Captioned web images:
━━━━━━━━━━━━━━━━

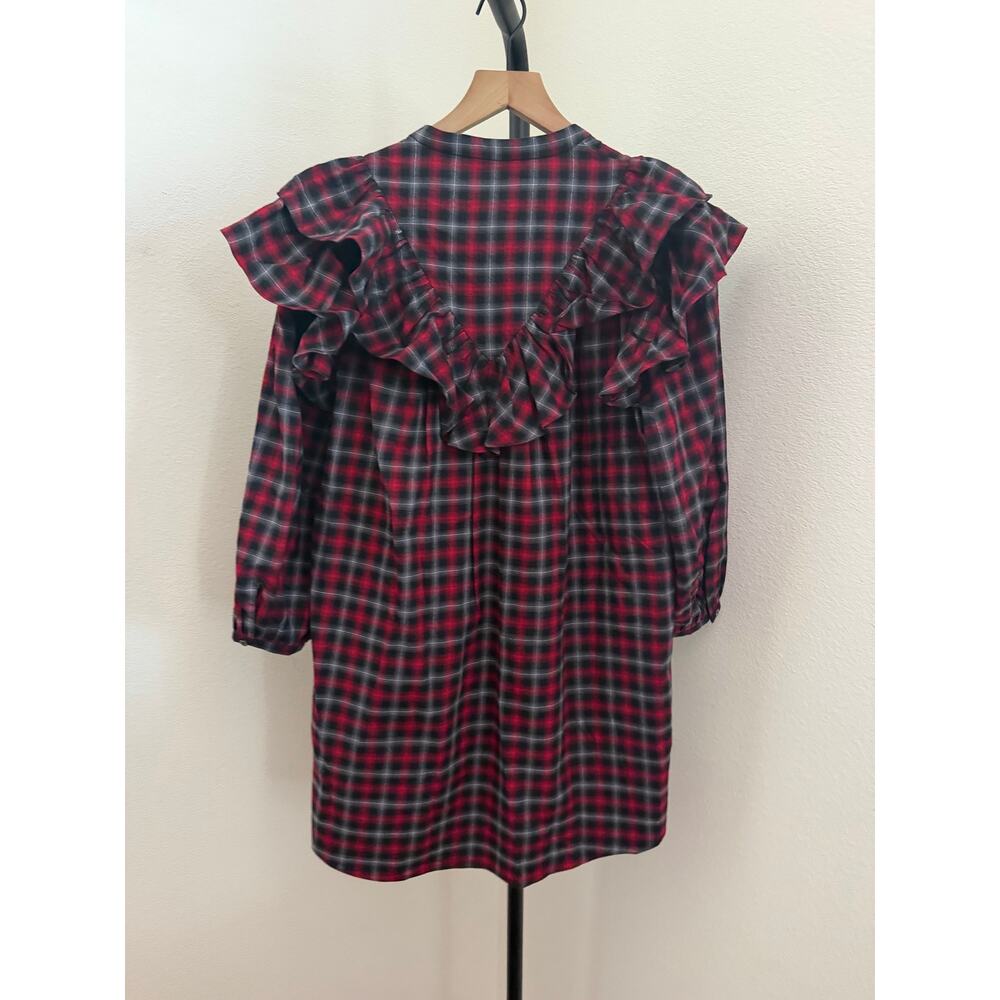 New something navy ruffle plaid button up dress long sleeve sz XS $165 - Picture 9 of 9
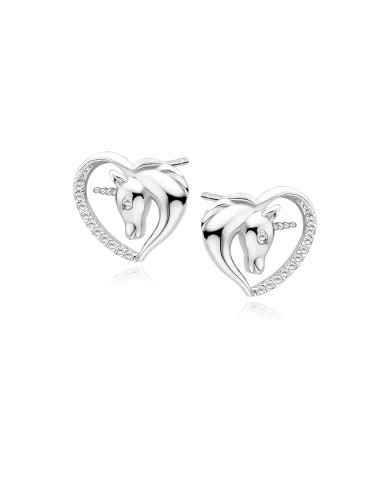 Srebrne kolczyki pr.925 SERCA - jednorożec z białymi cyrkoniami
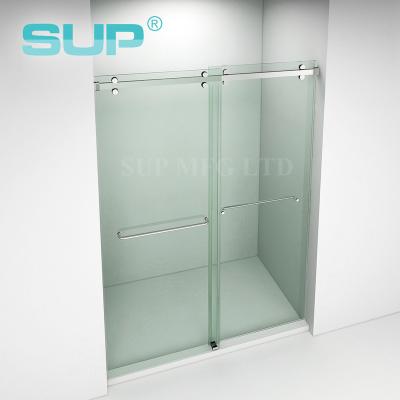 China America Style CRL Modern Design Double Sliding Door Frameless Shower Bathroom for sale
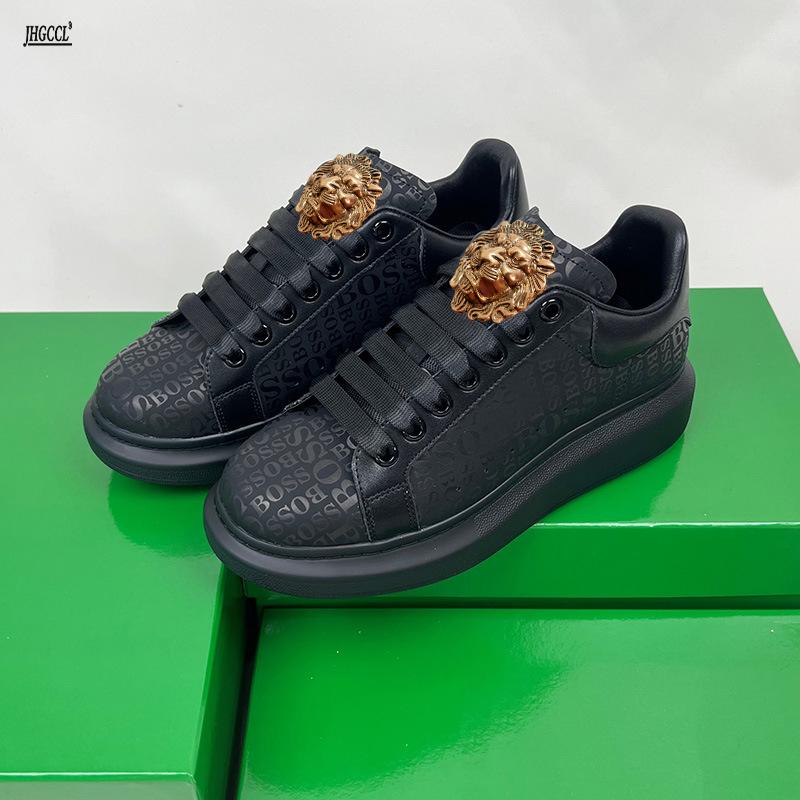 High-end genuine leather men's casual shoes with low heel, casual leather surface sports shoes, thick-soled men's shoes A1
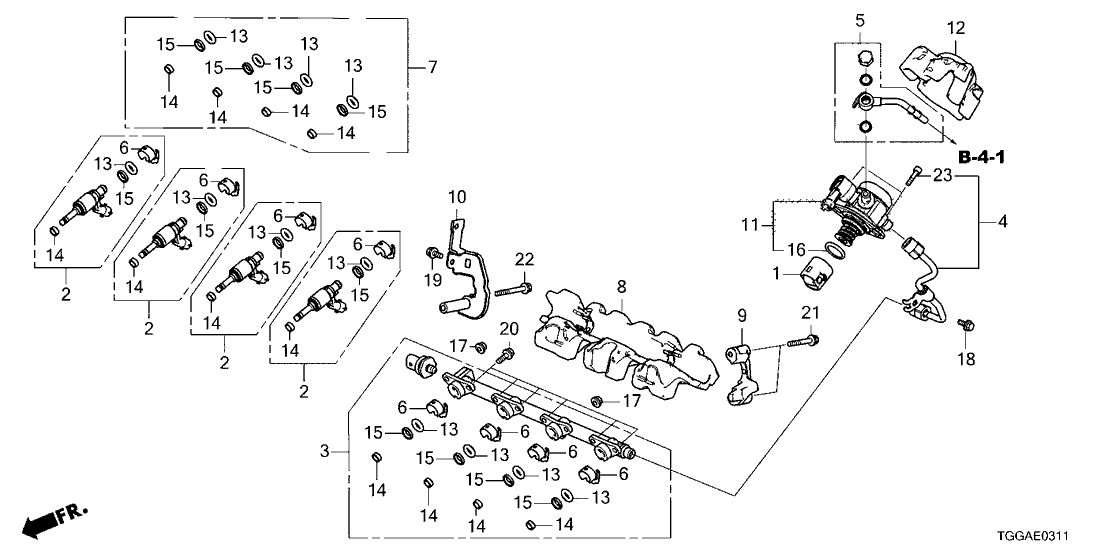 Honda 16010-5BF-305 Injector Set, Fuel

━━━━━━━━━━━━━━━━

▶ **GOAL OF THE EXERCISE**:
A faithful copy of every record is required, with no pictures included.

▶ **SOLUTION BELOW**:
 New something navy ruffle plaid button up dress long sleeve sz XS $165 - Picture 9 of 9
 Srebrne kolczyki pr.925 SERCA - jednorożec z białymi cyrkoniami
 China America Style CRL Modern Design Double Sliding Door Frameless Shower Bathroom for sale
 High-end genuine leather men's casual shoes with low heel, casual leather surface sports shoes, thick-soled men's shoes A1
 Honda 16010-5BF-305 Injector Set, Fuel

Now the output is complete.